I love traveling on my own, I have been a solo-traveler for about 14 years now and thrive on the freedom and exhilaration of it.  I guess you could say I have a strong independent streak and am comfortable in my own company, after all I have lived alone for 13 years.

I have now been traveling in India for 8 months, apart from a few short stints with family, all of this time has been spent on my own.  I have enjoyed it thoroughly; the need for solitude and anonymity was certainly what I was craving when I left Australia and I have been fortunate enough to have the luxury of it for such a long time now.

Traveling on your own means you can do what you want whenever you want without having to take anyone else into consideration.  It means some days I go back to the same site 3 times just because I want to. On others I may just sit in a cafe for most of the day reading a book.  It is freedom at its purest, I am not accountable to anyone and can literally do whatever I want.  It is entirely selfish and this is the joy of solo-travel.

There are some downsides to traveling on your own though.  Rooms and transport invariably cost more when there is no one to split the bill.  There is also no one to bounce ideas off or share a magical scene with. Tragically for a foodie, it also means you can’t share a few dishes with someone and get to try more things on the menu;  to me the latter is the biggest tragedy of solo-travel.

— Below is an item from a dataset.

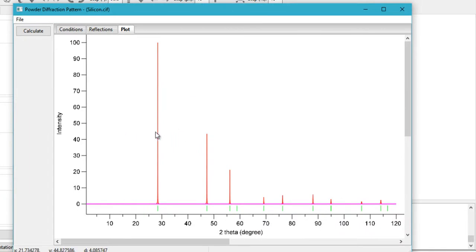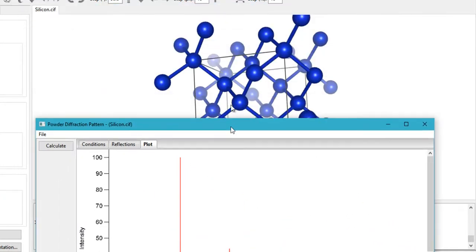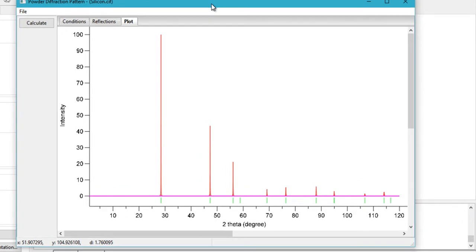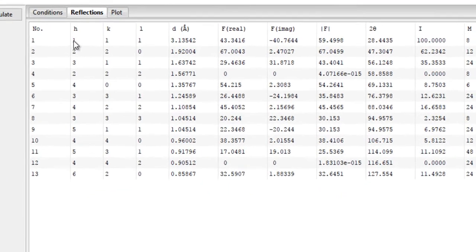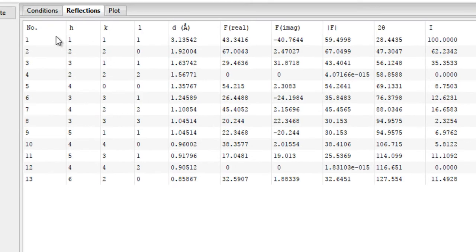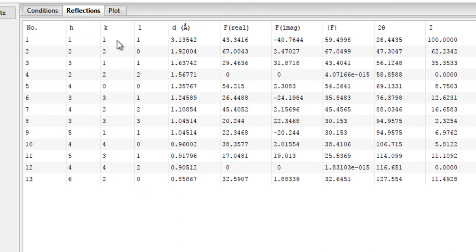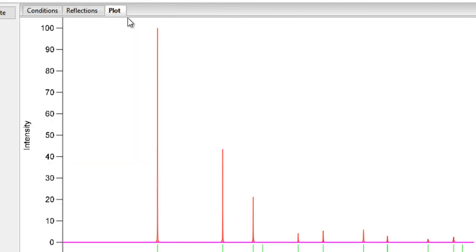When you go to the Plot, you will see that it has simulated an XRD pattern for your silicon crystal. To get more information about this, you can click on Reflections, and here you will have a lot of information like the HKL plane of all the peaks. All the HKL indices, that is Miller indices, for all the planes corresponding to all the peaks.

All in all the last 8 months on my own have been great, however recently I have found that I am starting to long for more company.  Traveling on your own and being a woman, I find I don’t really talk to many people at length as I go about my day to day business.  I tend to avoid conversations with local men because I am guarded about their intentions and women tend to be less visible in the streets and those that are in turn seem to avoid conversations with “foreigners”.

I do come across other travelers occasionally however as many of the guest houses I stay in don’t really have communal areas, I don’t really seem to bump into many fellow souls. Of course there are exceptions, for example in Rishikesh  and Puri where I stayed in places which were very social and full of tourists.  I made a few friends there, one in particular in Rishikesh who I would share breakfast and dinner with each day, just chatting and enjoying each other’s company.  I really enjoyed sharing a meal, catching up on the day and just getting to know someone for a short while and having conversations. Not just the regular travelers talk of where are you going and where you have come from, but a real conversation with depth.

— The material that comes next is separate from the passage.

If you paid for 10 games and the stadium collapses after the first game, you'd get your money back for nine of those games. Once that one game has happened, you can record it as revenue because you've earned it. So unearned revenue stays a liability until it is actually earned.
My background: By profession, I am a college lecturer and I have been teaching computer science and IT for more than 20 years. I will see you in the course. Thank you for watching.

Yes I really miss having conversations.

Thankful for the wonders of modern technology I have found ways to counter it. I Skype and online chat with friends and family occasionally, but navigating time zones and schedules is always challenging, and of course  Facebook is a great way to keep up to date with what people are doing. Much to my surprise Twitter has become a new friend to me; through it I have met people, gathered information and had some interesting conversations.

The internet really has become my lifeline, but I am a social person and nothing compares to me to actually spending time and conversing with someone face to face. So for me its nearly time to hang up my solo-travel boots, at least for a little while.

The time has come for me to start considering putting down some roots.  Lack of conversation isn’t the only reason but it is certainly a big factor.  Whilst solo-travel is invigorating and such a joy, it can at times also be unbearably lonely. For me now the loneliness has become more palpable more frequently.

A dear friend of mine is flying into Delhi next weekend and we will be traveling together for three weeks, my last weeks of travel for a little while.  I simply can’t wait to see my friend and to enjoy seeing India through someone elses eyes for a while, sharing a meal…. and of course having some great conversations.